== Data segment

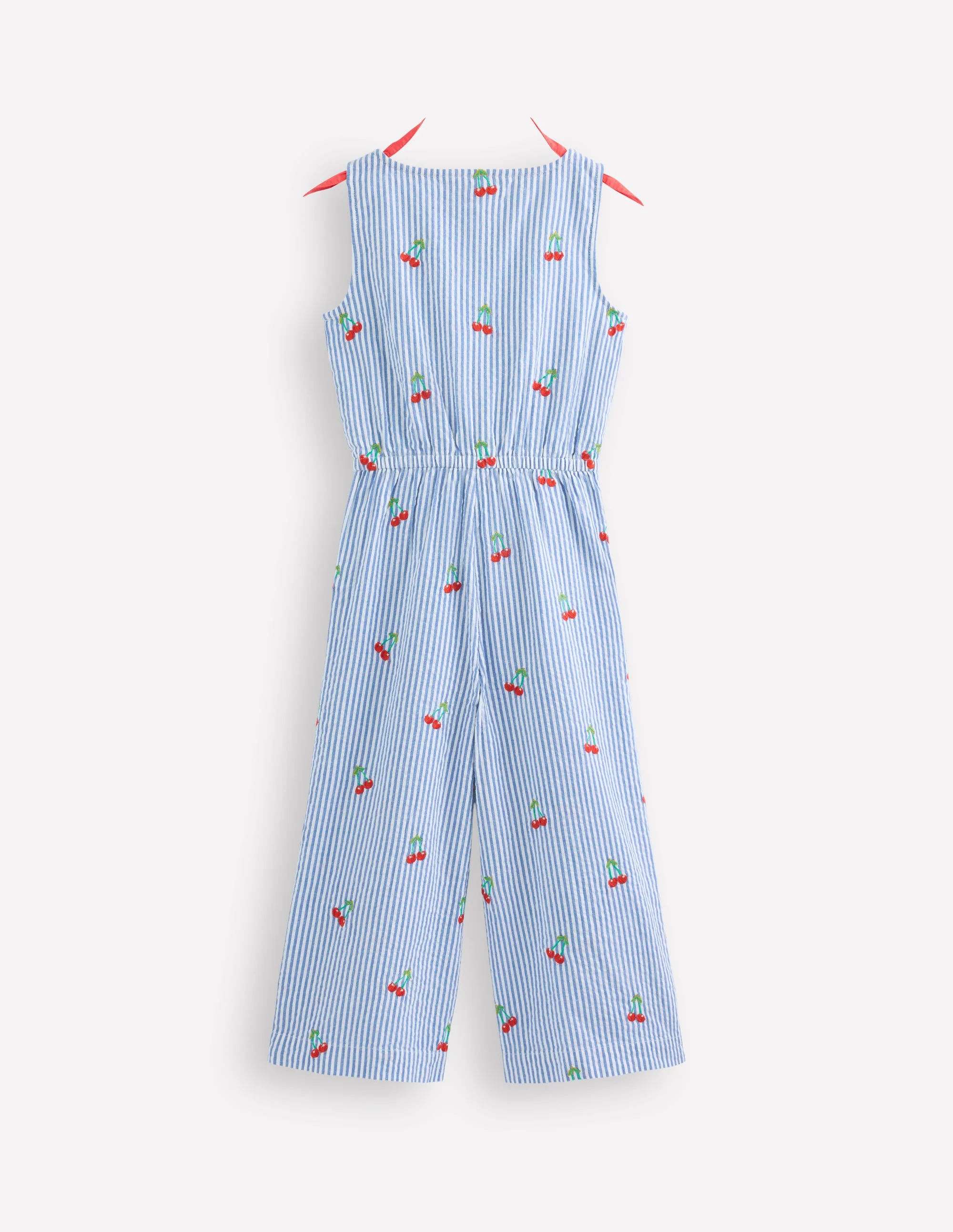 Wide Leg Jumpsuit-Cherry Embroidery - Image 2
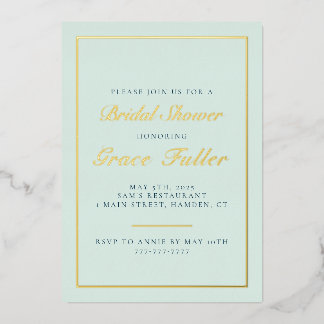 Simple and Elegant Typography Foil Invitation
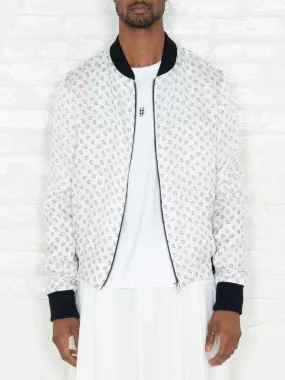 "The Classic Bomber" in White & Black Print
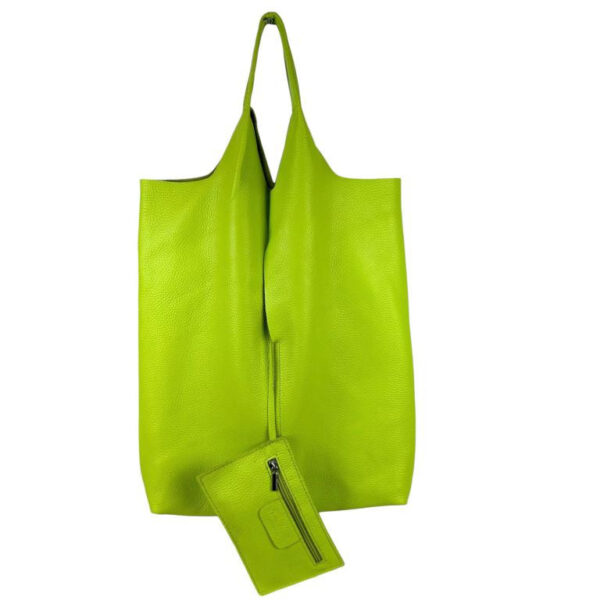 Bolso Shopper Universitario De Piel Italiana con Monedero Extra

====

| About this exercise |
Apart from the pictures, all of the data must be duplicated exactly as shown above.

| Answer section |
 Wide Leg Jumpsuit-Cherry Embroidery - Image 2
 Simple and Elegant Typography Foil Invitation
 "The Classic Bomber" in White & Black Print
 Bolso Shopper Universitario De Piel Italiana con Monedero Extra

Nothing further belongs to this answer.